Today I wrote a small tool that cleans up most of the bullshit one usually find in names of downloaded files, takes care of proper casing, spaces, brackets, etc.
It works really well for me. I just ran it over a my collection and it's a true beauty now, without any manual editing. Maybe someone of you can put in in use too.
Use on your own risk, unsupported software, blabla, etc.
The MP3 Filename Beautifier requires Perl (Perl for Windows is here).
'Yeah, That's what Jesus would do. Jesus would bomb Afghanistan. Yeah.' - snowlion
does it only work for the File Names or for the ID3 Tags too?
I've found that filenames are usually are more reliable source for artist name and song title than ID3 tags.

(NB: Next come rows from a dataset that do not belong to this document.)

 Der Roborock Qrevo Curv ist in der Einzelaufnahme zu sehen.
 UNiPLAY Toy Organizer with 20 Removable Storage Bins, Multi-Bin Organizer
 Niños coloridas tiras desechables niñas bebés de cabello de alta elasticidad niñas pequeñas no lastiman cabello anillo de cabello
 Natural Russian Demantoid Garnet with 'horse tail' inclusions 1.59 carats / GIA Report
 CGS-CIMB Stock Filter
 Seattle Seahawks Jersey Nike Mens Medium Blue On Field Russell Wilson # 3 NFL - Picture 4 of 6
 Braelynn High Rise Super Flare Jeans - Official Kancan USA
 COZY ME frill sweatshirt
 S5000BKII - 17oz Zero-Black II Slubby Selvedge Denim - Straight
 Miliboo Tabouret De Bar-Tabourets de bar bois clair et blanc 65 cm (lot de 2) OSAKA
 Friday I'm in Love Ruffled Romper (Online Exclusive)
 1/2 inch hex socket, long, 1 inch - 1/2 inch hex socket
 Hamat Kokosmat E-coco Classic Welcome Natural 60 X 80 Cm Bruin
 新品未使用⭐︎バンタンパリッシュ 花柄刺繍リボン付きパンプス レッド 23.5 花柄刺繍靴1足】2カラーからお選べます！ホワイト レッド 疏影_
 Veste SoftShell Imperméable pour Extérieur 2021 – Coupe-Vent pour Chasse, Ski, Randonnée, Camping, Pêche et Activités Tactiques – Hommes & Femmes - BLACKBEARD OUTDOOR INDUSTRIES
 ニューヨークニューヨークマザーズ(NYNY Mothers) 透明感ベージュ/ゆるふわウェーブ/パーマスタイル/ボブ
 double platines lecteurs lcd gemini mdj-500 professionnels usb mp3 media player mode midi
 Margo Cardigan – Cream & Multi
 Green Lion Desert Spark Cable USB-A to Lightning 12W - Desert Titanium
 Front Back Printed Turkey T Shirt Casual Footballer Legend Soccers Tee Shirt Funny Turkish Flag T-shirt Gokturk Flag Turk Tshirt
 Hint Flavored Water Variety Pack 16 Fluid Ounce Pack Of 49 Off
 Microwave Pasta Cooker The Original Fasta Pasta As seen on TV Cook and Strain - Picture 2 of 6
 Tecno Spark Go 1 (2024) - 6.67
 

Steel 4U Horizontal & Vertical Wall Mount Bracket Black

I'm considering having the beautifier read out ID3 tags in case no artist name can be extracted from the filename.
As things are I consider ID3 tags pretty superfluous. Hardly anyone bothers to fill them with data. The crucial stuff (artist, title, genre) can be indicated much more easily by having clean filenames in a thought out directory structure.
Some possible insight into that in an explanation why meta data doesn't work.
I use MP3 Tag Studio from Magnus Branding
It's supports Mass Tagging and loads of other features, i think it a very good tool
I've tried a number of MP3 taggers. They're not bad, but I was never really satisfied (I'm very picky you see :). My main concern was that these applications update the timestamps on my songs and I like the possibilities to have my tracks listed in the order I created or downloaded them.
'Yeah, That's what Jesus would do. Jesus would bomb Afghanistan. Yeah.' - snowlion
My main concern was that these applications update the timestamps on my songs and I like the possibilities to have my tracks listed in the order I created or downloaded them.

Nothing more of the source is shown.